The task -
Begin with the line that holds "Sea turtle swimming elegantly 121389363" and retype through the last line of the listing below, exactly; pictures are not part of the copy.

· · · · ·

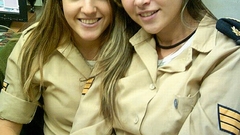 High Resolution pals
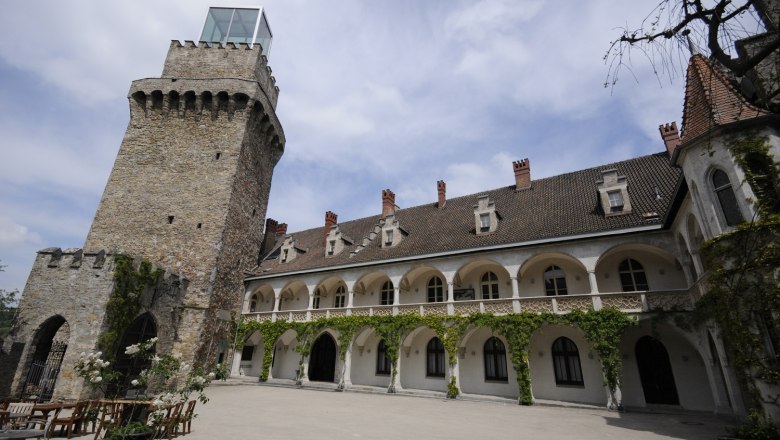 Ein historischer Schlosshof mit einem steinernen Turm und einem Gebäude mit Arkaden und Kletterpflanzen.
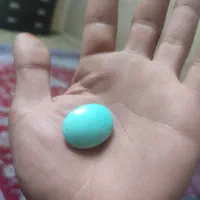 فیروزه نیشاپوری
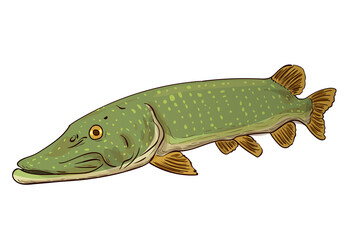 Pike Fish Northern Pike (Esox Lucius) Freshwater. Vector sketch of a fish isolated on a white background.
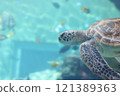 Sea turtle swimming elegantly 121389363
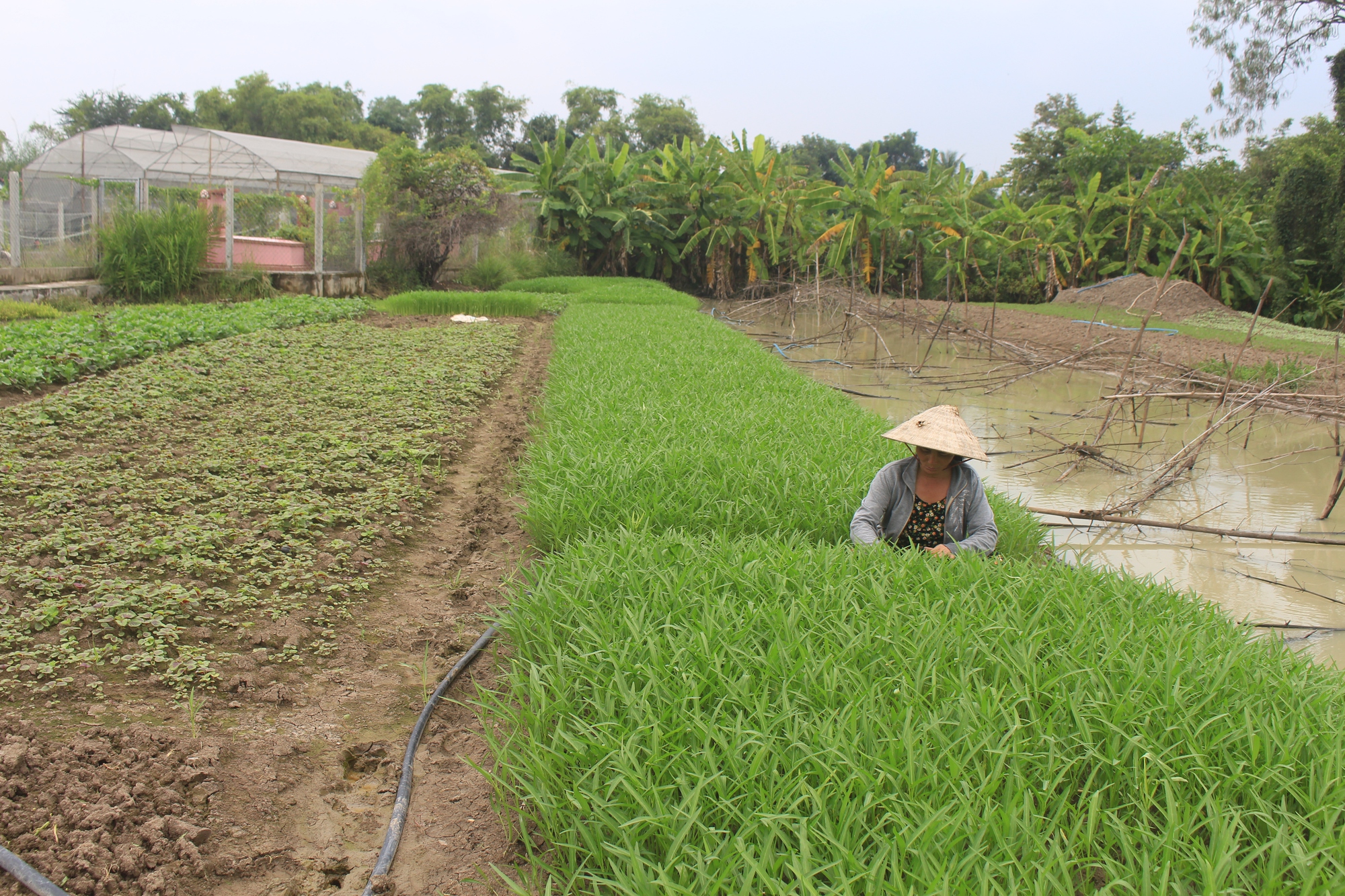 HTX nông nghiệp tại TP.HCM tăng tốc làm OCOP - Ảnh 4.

· · · · ·

Response to this exercise -
 Sea turtle swimming elegantly 121389363
 HTX nông nghiệp tại TP.HCM tăng tốc làm OCOP - Ảnh 4.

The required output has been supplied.